City Profile - Redwood City


The City of Redwood City is a San Francisco Bay Area community located in the heart of Silicon Valley, the technology-rich region extending from the San Francisco Peninsula to the foothills of the Santa Cruz Mountains. 

Redwood City is the third largest city within the County of San Mateo, with 82,881 residents. The city enjoys an average of 255 sunny days a year, which it boasts via the city slogan: “Climate Best by Government Test”. Incorporated in 1867, Redwood City is home to the San Mateo County History Museum (located in the county’s old courthouse) and the only active deep water port within the south bay of San Francisco.

The city’s vibrant downtown, quickly becoming known as the entertainment hub of the San Francisco Peninsula, offers residents, visitors,and businesses a unique retail, entertainment, and restaurant experience.

Redwood City is rich in history and local lore. As the oldest city on the San Francisco Peninsula, Redwood City has a long and varied history. Originally a port town during the Gold Rush, Redwood City became the County Seat of the newly formed San Mateo County in 1856. Downtown grew into a vital center for commerce, government, and manufacturing in the early 20th Century, before declining in the 1960s and 1970s. During the late 1900s and early 2000s Downtown Redwood City began revitalizing, and this revitalization continues today.

The land that eventually became Downtown Redwood City was once part of a vast Spanish rancho owned by the Arguello family, which was used for grazing cattle and horses and for providing missions in the area with supplies of food and animal hides. When California became part of the United States, the redwoods in the Santa Cruz Mountains were logged for use in construction to the north in rapidly growing San Francisco. Initially, the logs, cut from the redwood forests along the peninsula skyline, were dragged overland by oxen teams. Soon, however, a deep-water channel off the bay was discovered in what is now Downtown Redwood City. A wharf or “embarcadero” was established at the point furthest inland which was still navigable for shipping lumber to San Francisco. The availability of water transport greatly increased the efficiency of the lumber trade. A small village consisting of the homes of laborers connected with the redwood trade and supporting business sprang up around the wharf.

Redwood City exploded in population following World War II. The town expanded outward, annexing territory toward the Bay and inland toward the Santa Cruz Mountains San Mateo County grew rapidly in population, and the county government built many large institutional buildings in the Downtown area. As regional shopping malls, freeways, and suburban sprawl siphoned energy away from Downtown, the area stagnated and declined. During this period, many historic buildings fell into disrepair or were lost altogether. Today the Historic Courthouse is beautifully restored and is the center of community life, bridging a proud past with a promising future.

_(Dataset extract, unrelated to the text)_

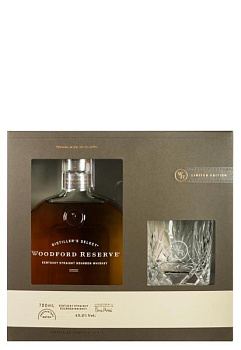 Віскі Woodford Reserve з келихом 0.7 л виски woodford reserve с бокалом 0.7 л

Some data on Redwood City:
  • Year Incorporated: 1867
  • Size: Approximately 19 square miles (excluding Bay)
  • Weather: Average year round high temperature 58°-84°F, Average year round low temperature 38°-54°F
  • Demographics: Population 76,815, Median Age 35.5, Persons per Household 3.26, Bachelor’s Degree or Higher 42.7% (+/- 3.5%)
  • Housing: Median Household Income $77,561, Median Home Price $764,500, Number of Housing Units 29,167, Owner Occupied 14,160, Renter Occupied 13,797.